I have been trying to follow 

http://www.gentoo.org/doc/en/home-router-howto.xml#doc_chap5

Home router guide and not having much luck.  I cannot get the DHCP server running.

The local network is on eth2

 *Quote:*   

> /etc/conf.d/net:
> 
> config_eth2=( "192.168.0.1 broadcast 192.168.0.255 netmask 255.255.255.0" )

 

 *Quote:*   

> /etc/dnsmasq.conf
> 
> listen-address=192.168.0.1
> 
> dhcp-range=192.168.2.100,192.168.2.125,72h

 

I start eth2, /etc/init.d/net.eth2 start, and it runs fine and ifconfig shows that it is up.  I then start dnsmasq, /etc/init.d/dnsmasq start, with no errors.  When I try to get an external computer to get a address from the the server I only get an error saying there is no dhcp server on network.  I have completely turned off the firewall while trying to get this to work in case that was somehow the problem.  What am I doing wrong here?  I can't seem to figure out the problem.  Thanks for any help.Last edited by Sarpy Sam on Sun Apr 30, 2006 2:53 am; edited 1 time in total

----------

## think4urs11

 *Sarpy Sam wrote:*   

>  *Quote:*   /etc/conf.d/net:
> 
> config_eth2=( "192.168.0.1 broadcast 192.168.0.255 netmask 255.255.255.0" ) 
> 
>  *Quote:*   /etc/dnsmasq.conf
> ...

 

You try to serve dhcp addresses from an ip range *not* beeing the same as the interface is in, thats why it won't work.

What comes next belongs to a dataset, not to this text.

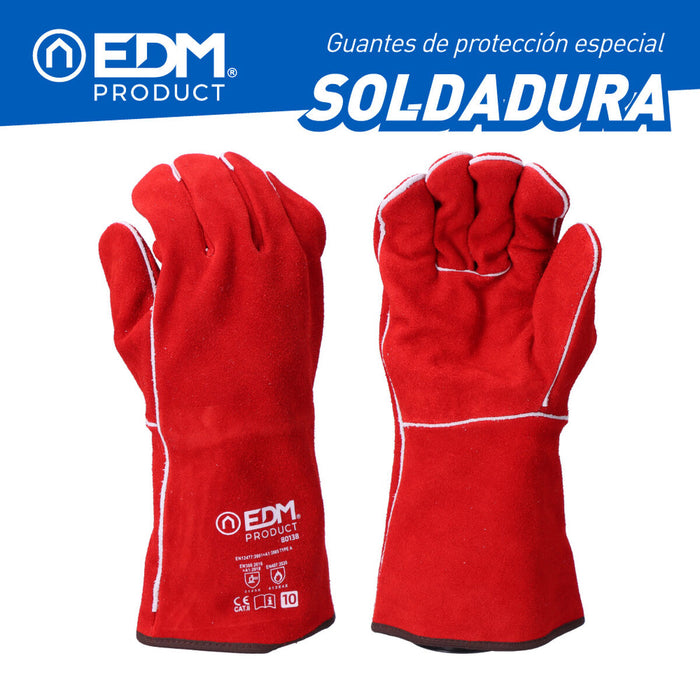 Mănuși de Lucru EDM Sudori Roșu Kevlar Bumbac Piele șpăltuită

Either change the dhcp-range to be 192.168.0.x-y or configure a dhcp relay agent for .2.x which then does whats needed to forward/convert the dhcp requests between requests coming from .2.x towards the server on .0.1 and vice versa. (broadcast/unicast conversion, populating GIADDR and alike)

----------

## Sarpy Sam

I changed the listen address to 192.168.2.1 and the eth2 to 192.168.2.1 and it did no good.  I still can't get the dhcp to give another computer an ip address.  I give, I don't know what to do at this point.

----------

## Sarpy Sam

Ok, I get it.  I emerge dhcp which gave me decent log files to trouble shoot with.  The whole problem is the ip address to the netmask to the broadcast matching up.  Can anybody point out a good tutorial on this that an idiot like me can understand.  So far everything I find confuses me.

----------